[LISTED ENTRIES]

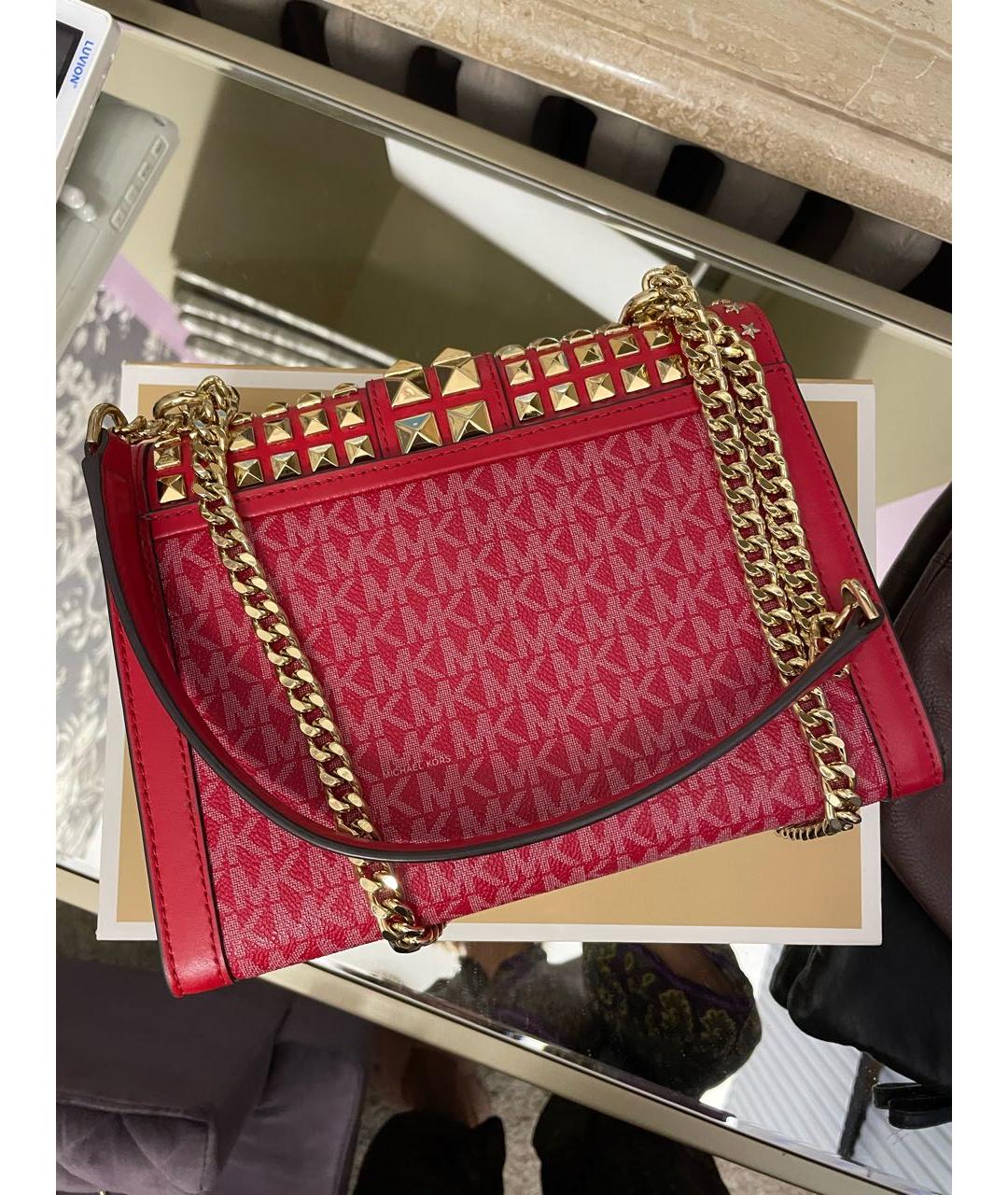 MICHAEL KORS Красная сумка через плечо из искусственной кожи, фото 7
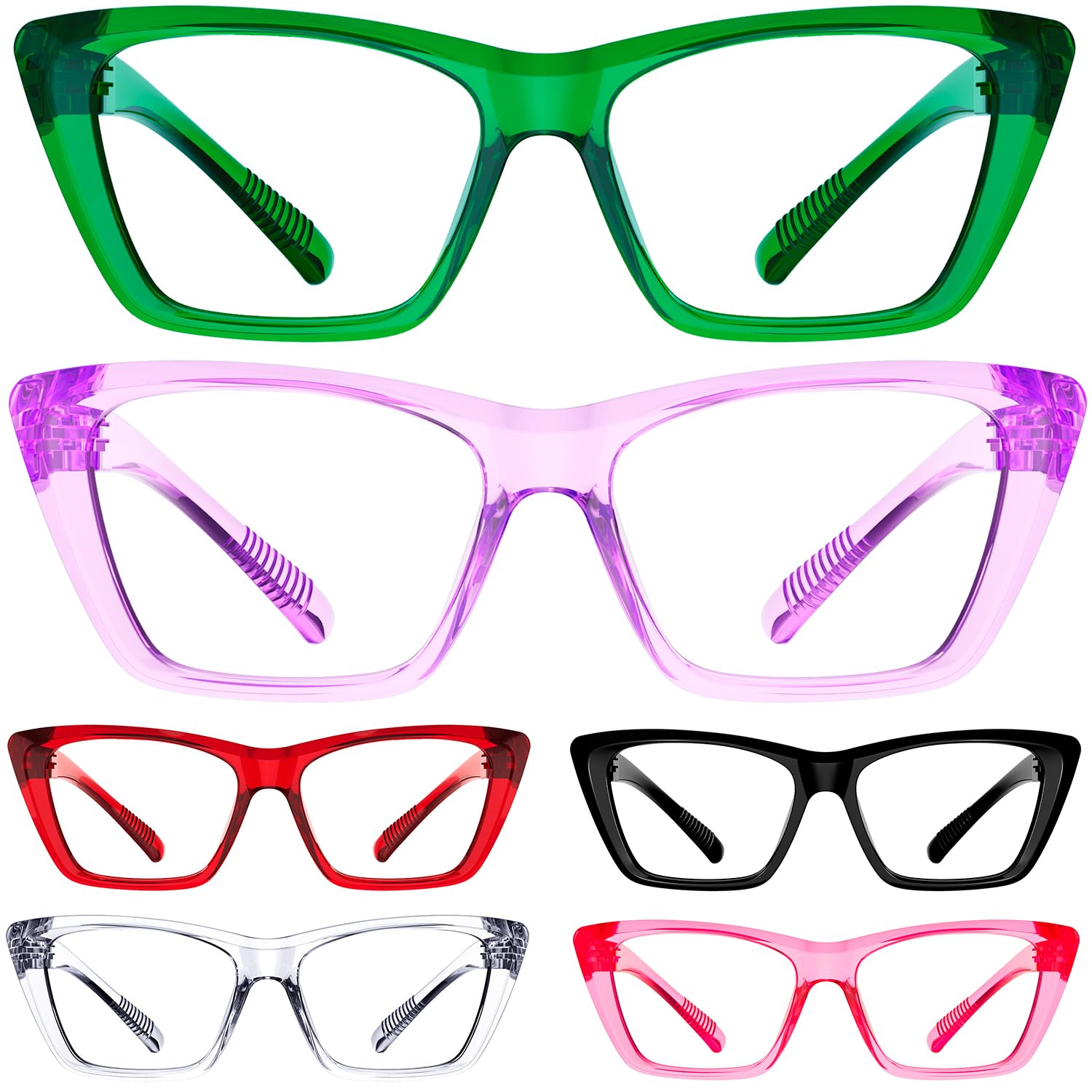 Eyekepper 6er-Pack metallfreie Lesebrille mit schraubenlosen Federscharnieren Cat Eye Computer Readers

[/LISTED ENTRIES]
[LISTED ENTRIES]

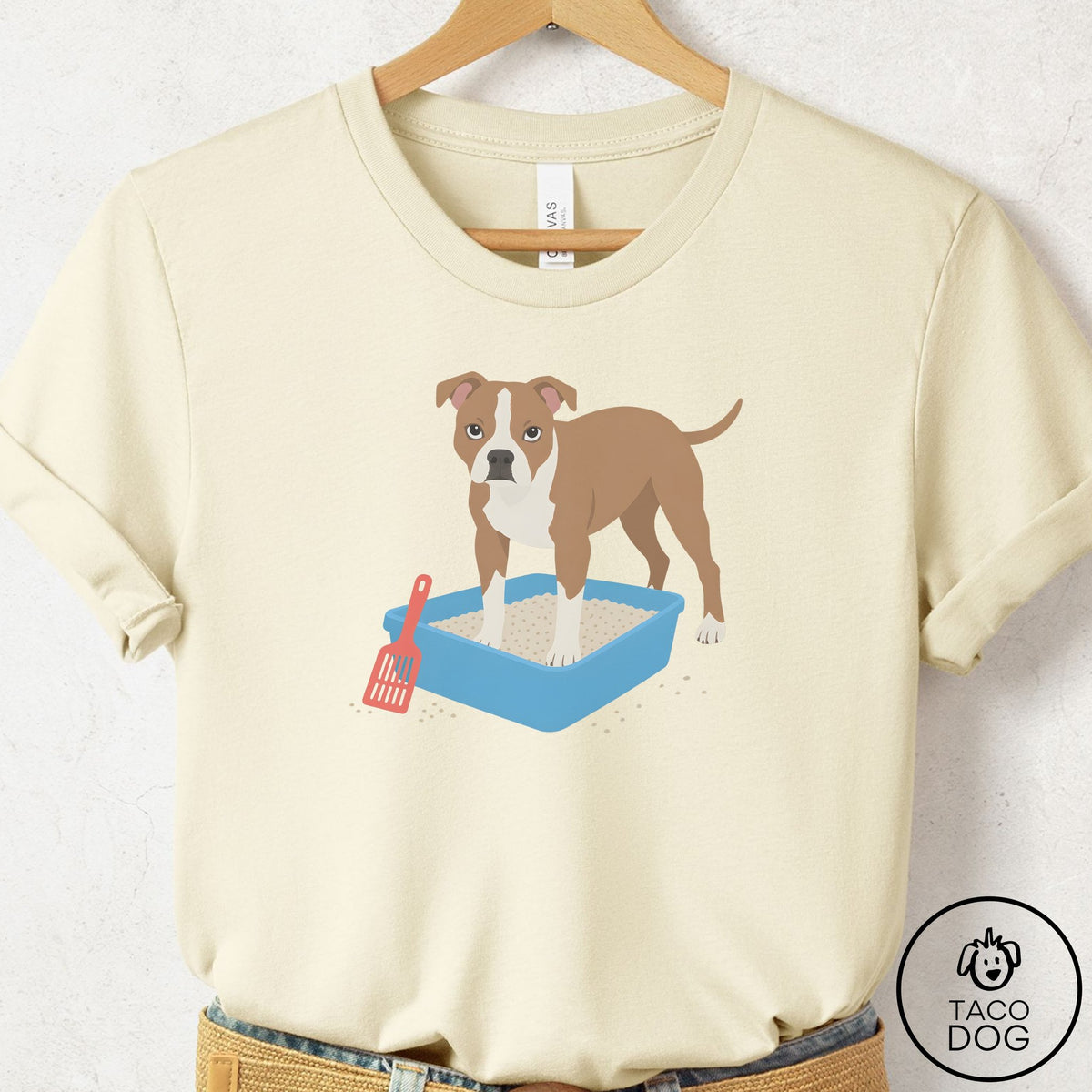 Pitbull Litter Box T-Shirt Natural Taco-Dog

[/LISTED ENTRIES]

→ **EXERCISE**: Starting at the line above that holds "MICHAEL KORS Красная", return each line up to and including the one that holds "Eyekepper 6er-Pack metallfreie", exactly as written, minus any pictures.

→ **TASK RESULT**:
 MICHAEL KORS Красная сумка через плечо из искусственной кожи, фото 7
 Eyekepper 6er-Pack metallfreie Lesebrille mit schraubenlosen Federscharnieren Cat Eye Computer Readers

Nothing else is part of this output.